The TAS identified 122 cases litigated between June 1, 2015, and May 31, 2016 (the reporting period), involving accuracy-related penalties. Of those cases, the IRS prevailed in full in 86 cases (70 percent), taxpayers prevailed in full in 20 cases (16 percent), and 16 cases were split decisions (13 percent) (percentages were rounded down in the original report). Unusual this year were the number of split decisions and the number of taxpayer wins in pro se cases. Many cases involving the negligence penalty turned upon the taxpayer’s failure to maintain adequate books and records related to the adjustments at issue.
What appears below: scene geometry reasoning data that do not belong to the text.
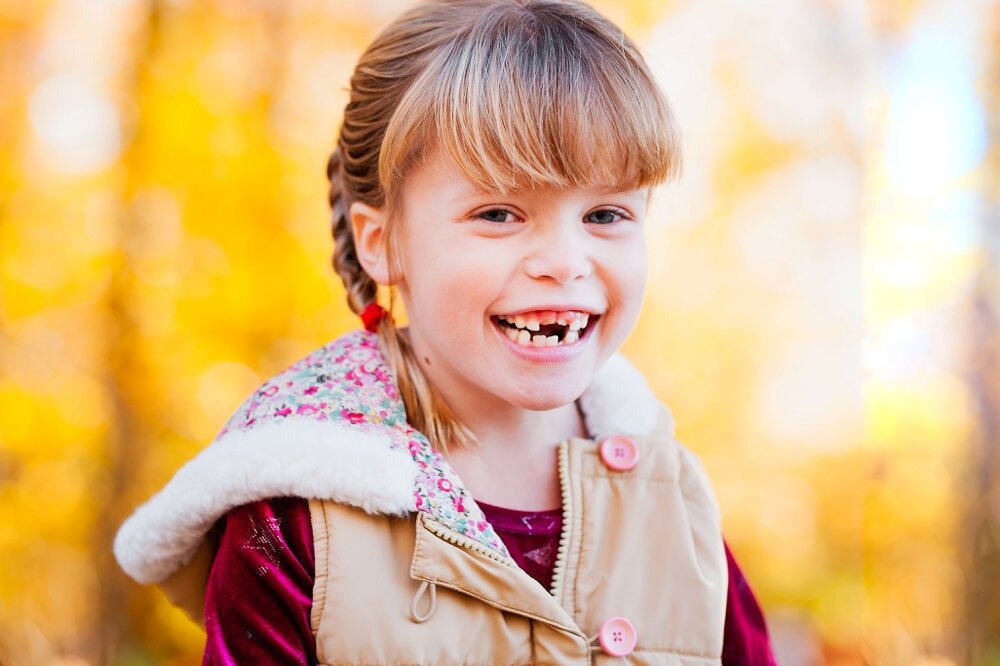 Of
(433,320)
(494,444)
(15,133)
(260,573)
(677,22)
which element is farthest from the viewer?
(677,22)

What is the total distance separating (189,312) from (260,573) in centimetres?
268

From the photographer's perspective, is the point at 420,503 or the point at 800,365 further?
the point at 800,365

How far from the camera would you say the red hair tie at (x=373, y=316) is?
1.62m

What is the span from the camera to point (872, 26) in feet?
14.5

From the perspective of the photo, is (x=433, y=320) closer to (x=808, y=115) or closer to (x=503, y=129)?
(x=503, y=129)

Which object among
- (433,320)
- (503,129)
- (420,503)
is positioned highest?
(503,129)

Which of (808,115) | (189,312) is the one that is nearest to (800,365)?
(808,115)

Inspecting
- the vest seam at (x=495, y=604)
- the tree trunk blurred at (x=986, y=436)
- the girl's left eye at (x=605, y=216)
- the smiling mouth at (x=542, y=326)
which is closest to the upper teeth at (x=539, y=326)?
the smiling mouth at (x=542, y=326)

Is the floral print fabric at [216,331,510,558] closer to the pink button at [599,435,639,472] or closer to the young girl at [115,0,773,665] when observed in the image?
the young girl at [115,0,773,665]

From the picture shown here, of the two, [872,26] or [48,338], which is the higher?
[872,26]

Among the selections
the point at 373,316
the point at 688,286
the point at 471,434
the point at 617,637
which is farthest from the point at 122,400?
the point at 617,637

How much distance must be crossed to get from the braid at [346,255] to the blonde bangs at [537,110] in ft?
0.87

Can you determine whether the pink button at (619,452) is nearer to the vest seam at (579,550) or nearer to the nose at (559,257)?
the vest seam at (579,550)

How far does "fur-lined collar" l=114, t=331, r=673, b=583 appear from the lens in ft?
4.37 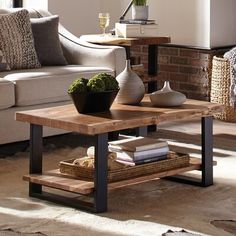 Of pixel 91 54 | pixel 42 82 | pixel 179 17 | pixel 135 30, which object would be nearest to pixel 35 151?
pixel 42 82

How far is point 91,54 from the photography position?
17.4ft

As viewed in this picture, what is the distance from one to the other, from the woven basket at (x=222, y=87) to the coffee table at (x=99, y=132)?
1.76m

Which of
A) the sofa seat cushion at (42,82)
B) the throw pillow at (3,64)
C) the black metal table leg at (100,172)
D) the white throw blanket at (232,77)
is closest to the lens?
the black metal table leg at (100,172)

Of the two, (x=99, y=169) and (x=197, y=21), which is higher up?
(x=197, y=21)

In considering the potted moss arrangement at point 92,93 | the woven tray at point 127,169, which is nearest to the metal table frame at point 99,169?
the woven tray at point 127,169

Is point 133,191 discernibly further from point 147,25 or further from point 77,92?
point 147,25

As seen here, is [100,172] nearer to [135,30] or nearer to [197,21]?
[135,30]

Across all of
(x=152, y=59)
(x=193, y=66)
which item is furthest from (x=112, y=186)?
(x=193, y=66)

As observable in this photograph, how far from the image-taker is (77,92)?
362 cm

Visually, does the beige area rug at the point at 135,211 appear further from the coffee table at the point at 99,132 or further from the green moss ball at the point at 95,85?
the green moss ball at the point at 95,85

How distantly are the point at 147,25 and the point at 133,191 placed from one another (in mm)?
1947

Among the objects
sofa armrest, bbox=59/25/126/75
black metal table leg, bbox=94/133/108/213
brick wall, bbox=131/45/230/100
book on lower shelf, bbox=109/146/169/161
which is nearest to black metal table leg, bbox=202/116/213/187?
book on lower shelf, bbox=109/146/169/161

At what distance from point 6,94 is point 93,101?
971mm

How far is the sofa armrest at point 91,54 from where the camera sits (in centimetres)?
515
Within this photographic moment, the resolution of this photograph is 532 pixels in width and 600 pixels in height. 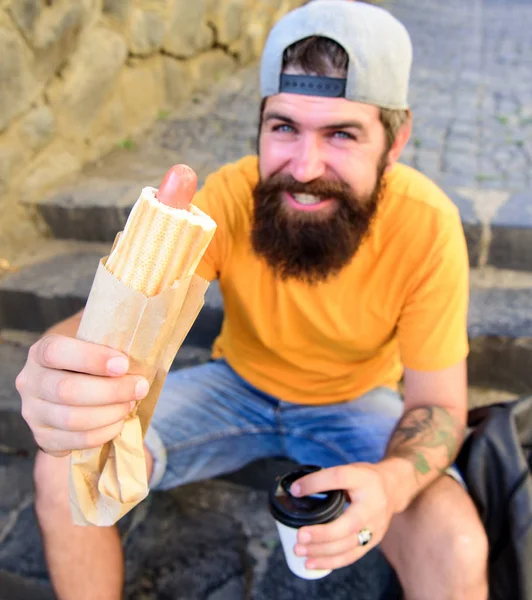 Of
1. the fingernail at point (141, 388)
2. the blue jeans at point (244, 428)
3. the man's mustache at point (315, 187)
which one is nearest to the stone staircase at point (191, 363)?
the blue jeans at point (244, 428)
In 2013, the TAS issued a study noting that the IRS’s imposition of accuracy-related penalties, subsequently abated after an assessment and a successful taxpayer appeal (among other fact patterns), could lead to a perception of unfairness among taxpayers regarding the IRS’s manner of assertion of these penalties. The TAS cited this study in its 2016 report, and noted again that this conduct could be detrimental to voluntary taxpayer compliance and could undermine the purpose of accuracy-related penalties.
In fact, a main priority of the Annual Report overall is to improve voluntary compliance, a fundamental element of our tax system. The TAS notes that “unnecessary coercion” by the IRS—whether through unsustained penalties or otherwise—could have the effect of reducing voluntary compliance.
Failure-to-File / Failure-to-Pay Penalties
The TAS identified 45 total decisions involving failure-to-file and failure-to-pay penalties in the reporting period. Of these, 28 cases involved taxpayers representing themselves. The majority of cases involved full or partial taxpayer losses.
The TAS noted, consistent with our experience, that the IRS frequently relies upon selection of failure-to-file and failure-to-pay cases through its Reasonable Cause Assistant software, which makes the initial decision to impose the relevant penalties in most cases without significant human involvement. Personal review of the penalty decision does not generally occur until after the taxpayer files an administrative appeal. The TAS advocated for heightened personal review of these penalties and heightened consideration of relevant facts and circumstances potentially supporting abatement.
Trust Fund Recovery Penalties
The TAS noted that several Trust Fund Recovery Penalty cases this year had successfully challenged whether the penalty was properly noticed and assessed. United States v. Appelbaum, 117 A.F.T.R.2d 2016-633 (W.D.N.C.); Romano-Murphy v. United States, 816 F.3d 707 (11th Cir. 2016).
The TAS further discussed a number of unsuccessful taxpayer challenges to assessment of the Trust Fund Recovery Penalty on grounds of responsibility and willfulness. Consistent with the TAS’s previous positions, the TAS argued for a more generous standard of willfulness under Internal Revenue Code Section 6672 that would permit businesses to remain open, using “working capital,” while payment arrangements are worked out with the IRS.
Practice Note: Even if they would not be eligible for assistance from the TAS, both large and small taxpayers are well-advised to review information gathered annually by the TAS and the TAS’s policy positions when mounting a defense against penalties asserted by the IRS. The TAS continues to be a valuable resource and a key advocate for fairness in the penalty arena.